* _Task prompt_: Take the data below. Output it exactly from its first line through the line containing "Panther Martin Inline".

* _Extracted data_:
------

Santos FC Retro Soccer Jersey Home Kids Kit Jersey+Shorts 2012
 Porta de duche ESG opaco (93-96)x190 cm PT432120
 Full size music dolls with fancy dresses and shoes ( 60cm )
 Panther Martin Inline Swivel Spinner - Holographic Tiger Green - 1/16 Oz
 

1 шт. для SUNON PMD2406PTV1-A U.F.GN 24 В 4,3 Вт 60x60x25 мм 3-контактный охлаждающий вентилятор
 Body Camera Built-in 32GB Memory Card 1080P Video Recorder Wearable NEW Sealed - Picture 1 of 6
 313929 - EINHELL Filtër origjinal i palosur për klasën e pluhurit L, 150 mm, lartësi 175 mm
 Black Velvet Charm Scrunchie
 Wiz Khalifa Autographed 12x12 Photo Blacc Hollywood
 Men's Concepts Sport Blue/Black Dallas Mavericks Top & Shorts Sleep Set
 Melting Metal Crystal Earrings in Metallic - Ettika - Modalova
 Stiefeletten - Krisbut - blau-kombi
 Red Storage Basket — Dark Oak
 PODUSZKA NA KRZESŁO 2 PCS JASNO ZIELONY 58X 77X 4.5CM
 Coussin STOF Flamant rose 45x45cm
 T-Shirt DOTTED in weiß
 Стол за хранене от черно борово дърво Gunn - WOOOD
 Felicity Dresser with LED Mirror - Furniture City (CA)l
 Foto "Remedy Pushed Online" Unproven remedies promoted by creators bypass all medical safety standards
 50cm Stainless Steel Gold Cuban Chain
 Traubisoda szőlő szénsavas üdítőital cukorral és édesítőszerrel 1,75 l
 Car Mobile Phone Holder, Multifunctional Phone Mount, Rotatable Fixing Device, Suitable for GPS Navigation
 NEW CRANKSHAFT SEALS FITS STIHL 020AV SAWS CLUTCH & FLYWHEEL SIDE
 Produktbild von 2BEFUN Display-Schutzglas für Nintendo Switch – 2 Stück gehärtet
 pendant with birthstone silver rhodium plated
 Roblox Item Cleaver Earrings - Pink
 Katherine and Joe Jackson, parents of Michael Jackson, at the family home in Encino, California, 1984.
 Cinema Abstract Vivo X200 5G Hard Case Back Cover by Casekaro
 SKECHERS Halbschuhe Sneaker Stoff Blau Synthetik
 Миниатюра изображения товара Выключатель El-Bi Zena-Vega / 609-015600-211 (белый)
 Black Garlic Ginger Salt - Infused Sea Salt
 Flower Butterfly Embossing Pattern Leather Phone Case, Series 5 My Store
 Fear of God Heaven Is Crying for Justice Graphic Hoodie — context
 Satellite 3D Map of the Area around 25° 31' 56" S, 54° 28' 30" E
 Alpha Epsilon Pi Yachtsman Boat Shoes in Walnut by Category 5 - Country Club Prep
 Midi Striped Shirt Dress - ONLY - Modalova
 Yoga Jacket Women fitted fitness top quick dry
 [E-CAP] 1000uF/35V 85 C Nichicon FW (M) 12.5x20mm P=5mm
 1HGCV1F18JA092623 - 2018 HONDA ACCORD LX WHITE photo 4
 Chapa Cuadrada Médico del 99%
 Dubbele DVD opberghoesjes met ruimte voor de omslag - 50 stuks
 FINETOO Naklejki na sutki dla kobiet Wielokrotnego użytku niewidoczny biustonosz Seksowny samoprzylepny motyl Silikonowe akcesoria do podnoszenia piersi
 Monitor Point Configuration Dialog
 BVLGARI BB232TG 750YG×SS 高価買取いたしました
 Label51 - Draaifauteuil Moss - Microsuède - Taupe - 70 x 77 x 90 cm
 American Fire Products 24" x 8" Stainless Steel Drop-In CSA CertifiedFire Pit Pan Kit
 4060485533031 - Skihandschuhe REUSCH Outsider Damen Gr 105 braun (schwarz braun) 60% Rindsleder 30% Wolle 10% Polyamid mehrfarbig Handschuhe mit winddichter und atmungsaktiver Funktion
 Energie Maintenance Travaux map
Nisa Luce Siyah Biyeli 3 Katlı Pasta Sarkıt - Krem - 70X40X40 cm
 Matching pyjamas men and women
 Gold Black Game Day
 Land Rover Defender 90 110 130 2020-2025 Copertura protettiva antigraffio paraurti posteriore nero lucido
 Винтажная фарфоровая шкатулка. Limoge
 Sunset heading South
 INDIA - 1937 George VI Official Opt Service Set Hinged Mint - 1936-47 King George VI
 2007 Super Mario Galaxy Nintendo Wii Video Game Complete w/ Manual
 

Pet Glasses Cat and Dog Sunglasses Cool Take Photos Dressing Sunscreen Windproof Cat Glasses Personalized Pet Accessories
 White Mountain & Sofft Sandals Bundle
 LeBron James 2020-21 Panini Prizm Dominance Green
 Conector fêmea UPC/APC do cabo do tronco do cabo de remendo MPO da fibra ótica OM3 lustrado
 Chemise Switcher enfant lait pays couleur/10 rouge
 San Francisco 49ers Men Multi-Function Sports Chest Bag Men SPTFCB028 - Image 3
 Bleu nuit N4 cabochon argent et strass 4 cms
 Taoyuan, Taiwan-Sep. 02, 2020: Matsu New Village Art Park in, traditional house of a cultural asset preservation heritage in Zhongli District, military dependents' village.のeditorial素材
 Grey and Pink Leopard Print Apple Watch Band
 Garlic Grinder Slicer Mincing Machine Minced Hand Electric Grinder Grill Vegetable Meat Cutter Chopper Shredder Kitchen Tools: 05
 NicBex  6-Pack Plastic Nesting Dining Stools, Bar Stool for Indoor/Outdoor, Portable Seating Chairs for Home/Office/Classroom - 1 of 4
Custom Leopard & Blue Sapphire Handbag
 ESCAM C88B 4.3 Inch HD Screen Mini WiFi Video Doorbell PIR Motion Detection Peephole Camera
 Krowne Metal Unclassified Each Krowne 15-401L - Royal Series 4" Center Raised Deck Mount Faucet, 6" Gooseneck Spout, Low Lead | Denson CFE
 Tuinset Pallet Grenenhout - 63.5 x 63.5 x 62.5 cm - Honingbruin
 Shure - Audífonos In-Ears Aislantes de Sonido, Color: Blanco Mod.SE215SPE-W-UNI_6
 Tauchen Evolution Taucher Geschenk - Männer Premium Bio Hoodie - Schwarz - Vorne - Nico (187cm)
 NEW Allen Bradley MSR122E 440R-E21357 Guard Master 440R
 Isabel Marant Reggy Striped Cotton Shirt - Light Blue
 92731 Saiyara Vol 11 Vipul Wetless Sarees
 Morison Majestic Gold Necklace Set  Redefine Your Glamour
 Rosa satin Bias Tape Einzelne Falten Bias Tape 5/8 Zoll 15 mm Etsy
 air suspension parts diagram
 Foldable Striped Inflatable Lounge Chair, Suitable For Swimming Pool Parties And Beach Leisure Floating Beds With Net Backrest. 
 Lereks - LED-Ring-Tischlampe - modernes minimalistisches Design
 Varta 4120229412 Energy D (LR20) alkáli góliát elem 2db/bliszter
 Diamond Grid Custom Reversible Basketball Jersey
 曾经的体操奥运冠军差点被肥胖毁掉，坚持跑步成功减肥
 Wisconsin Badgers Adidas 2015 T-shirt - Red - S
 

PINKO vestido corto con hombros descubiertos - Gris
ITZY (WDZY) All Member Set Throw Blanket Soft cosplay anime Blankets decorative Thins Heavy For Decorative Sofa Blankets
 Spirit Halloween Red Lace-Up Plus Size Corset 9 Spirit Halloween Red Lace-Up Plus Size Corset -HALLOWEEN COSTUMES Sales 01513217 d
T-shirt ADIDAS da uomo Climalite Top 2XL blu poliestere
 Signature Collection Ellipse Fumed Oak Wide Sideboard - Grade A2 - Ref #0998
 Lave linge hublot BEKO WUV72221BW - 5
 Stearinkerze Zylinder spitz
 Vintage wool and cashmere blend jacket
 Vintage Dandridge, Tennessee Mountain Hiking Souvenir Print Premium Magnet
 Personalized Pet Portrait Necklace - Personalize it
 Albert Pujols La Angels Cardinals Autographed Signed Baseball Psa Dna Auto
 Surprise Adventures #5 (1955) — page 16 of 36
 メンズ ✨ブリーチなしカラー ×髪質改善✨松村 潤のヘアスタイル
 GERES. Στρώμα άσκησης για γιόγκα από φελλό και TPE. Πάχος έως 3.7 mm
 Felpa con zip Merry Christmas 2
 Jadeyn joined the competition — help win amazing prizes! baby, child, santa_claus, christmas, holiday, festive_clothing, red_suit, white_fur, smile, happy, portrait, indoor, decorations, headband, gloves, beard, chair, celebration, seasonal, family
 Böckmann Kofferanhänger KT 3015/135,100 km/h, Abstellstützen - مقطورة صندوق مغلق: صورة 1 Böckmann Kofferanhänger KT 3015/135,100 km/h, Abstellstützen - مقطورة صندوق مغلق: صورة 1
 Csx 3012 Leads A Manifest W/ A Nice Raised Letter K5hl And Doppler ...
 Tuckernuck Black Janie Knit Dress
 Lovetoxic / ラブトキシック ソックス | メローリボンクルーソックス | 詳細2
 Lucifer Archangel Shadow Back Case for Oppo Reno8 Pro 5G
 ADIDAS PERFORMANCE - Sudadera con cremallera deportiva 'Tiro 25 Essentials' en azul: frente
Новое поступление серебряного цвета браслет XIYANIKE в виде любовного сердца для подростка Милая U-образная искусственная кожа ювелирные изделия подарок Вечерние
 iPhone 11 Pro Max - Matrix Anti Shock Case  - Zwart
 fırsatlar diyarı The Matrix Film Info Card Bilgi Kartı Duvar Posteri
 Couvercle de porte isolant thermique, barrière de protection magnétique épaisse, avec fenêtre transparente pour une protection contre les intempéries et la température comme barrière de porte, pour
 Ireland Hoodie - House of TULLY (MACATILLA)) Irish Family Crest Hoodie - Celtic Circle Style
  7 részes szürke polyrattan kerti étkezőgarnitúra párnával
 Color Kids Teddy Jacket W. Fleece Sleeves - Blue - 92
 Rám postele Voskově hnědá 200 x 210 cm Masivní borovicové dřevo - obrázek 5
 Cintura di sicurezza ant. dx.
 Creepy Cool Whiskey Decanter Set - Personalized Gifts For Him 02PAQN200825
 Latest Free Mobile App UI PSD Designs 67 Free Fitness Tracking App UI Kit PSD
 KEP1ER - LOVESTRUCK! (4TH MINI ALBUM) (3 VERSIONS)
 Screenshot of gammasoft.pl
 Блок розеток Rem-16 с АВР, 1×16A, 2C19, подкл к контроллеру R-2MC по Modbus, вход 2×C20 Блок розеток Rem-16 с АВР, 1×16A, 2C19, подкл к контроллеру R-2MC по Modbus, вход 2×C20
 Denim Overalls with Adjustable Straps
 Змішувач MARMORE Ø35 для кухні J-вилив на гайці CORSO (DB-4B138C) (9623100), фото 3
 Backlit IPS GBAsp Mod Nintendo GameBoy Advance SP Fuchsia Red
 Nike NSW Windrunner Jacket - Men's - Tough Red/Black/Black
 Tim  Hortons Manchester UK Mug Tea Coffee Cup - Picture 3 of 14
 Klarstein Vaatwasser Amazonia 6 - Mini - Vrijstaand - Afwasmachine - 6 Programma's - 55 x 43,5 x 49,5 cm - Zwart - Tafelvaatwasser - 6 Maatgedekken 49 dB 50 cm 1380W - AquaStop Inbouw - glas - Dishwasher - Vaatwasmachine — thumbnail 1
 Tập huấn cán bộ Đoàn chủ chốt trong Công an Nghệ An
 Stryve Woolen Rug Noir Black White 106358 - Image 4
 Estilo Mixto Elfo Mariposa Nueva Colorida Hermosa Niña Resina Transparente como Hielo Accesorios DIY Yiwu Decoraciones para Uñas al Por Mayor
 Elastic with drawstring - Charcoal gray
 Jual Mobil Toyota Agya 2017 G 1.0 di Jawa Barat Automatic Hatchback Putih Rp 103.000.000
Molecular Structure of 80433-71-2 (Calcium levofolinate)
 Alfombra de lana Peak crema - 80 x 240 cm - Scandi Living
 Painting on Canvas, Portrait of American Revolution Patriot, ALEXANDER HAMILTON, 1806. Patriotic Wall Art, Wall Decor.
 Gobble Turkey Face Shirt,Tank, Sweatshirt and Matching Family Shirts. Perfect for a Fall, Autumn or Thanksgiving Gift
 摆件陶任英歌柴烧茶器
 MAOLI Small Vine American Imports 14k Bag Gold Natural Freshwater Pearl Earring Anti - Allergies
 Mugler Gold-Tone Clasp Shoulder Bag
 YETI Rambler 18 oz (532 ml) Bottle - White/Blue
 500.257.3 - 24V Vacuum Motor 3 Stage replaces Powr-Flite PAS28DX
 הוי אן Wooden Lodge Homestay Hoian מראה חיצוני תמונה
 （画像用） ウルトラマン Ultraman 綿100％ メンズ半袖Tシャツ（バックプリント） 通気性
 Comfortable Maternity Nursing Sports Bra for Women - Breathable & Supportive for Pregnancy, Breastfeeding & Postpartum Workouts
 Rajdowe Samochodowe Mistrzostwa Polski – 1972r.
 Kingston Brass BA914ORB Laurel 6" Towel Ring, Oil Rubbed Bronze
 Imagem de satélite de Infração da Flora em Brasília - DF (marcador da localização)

------

* _Solution_:
Santos FC Retro Soccer Jersey Home Kids Kit Jersey+Shorts 2012
 Porta de duche ESG opaco (93-96)x190 cm PT432120
 Full size music dolls with fancy dresses and shoes ( 60cm )
 Panther Martin Inline Swivel Spinner - Holographic Tiger Green - 1/16 Oz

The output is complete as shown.